In this case, the “probe” was a harmless fluorescent molecule that detected the activity leading to cartilage loss in the joint, the key characteristic of osteoarthritis. This lab and mouse study, led by researchers from Tufts University School of Medicine (TUSM) and the Sackler School of Graduate Biomedical Sciences at Tufts, is the first to demonstrate that near-infrared fluorescence – a specific type of light invisible to the human eye but possible to see with optical imaging – can be used to detect osteoarthritis changes over time. The new approach might also help analyze the effectiveness of osteoarthritis drugs, leading to improved treatments.

“Patients are frequently in pain by the time osteoarthritis is diagnosed.

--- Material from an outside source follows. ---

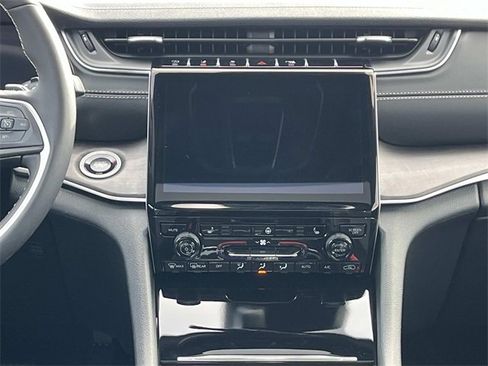 New 2025 Jeep Grand Cherokee Limited w/ Black Appearance Package image 15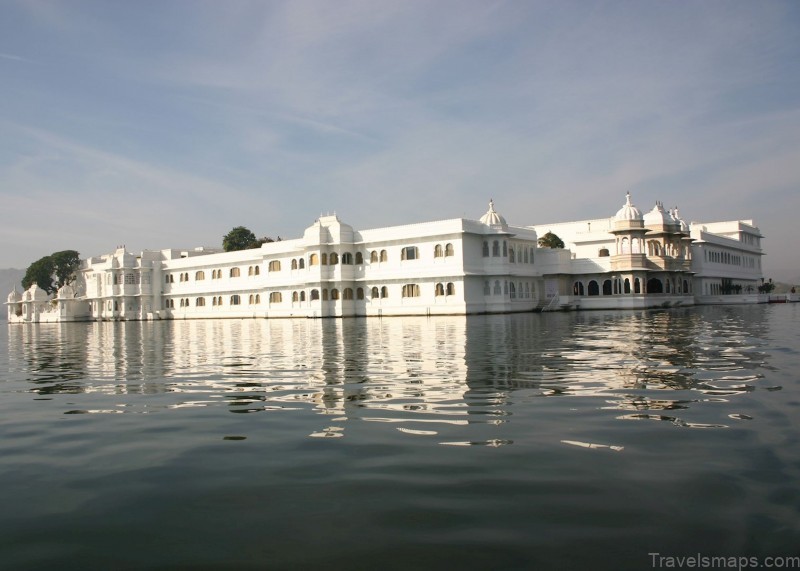 taj lake palace hotel udaipur india 12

The imaging tests most frequently used, X-rays, don’t indicate the level of pain or allow us to directly see the amount of cartilage loss, which is a challenge for physicians and patients,” said co-first author Averi A. Leahy, B.A., an M.D./Ph.D. student in the medical scientist training program at TUSM and the Sackler School.

“The fluorescent probe made it easy to see the activities that lead to cartilage breakdown in the initial and moderate stages of osteoarthritis, which is needed for early detection and adequate monitoring of the disease. To measure the probe’s signal, we used an optical imaging system, to non-invasively look inside the knee,” said co-first author Shadi A. Esfahani, M.D., M.P.H., post-doctoral fellow in the division of nuclear medicine and molecular imaging at Massachusetts General Hospital, and in the department of radiology at Harvard Medical School.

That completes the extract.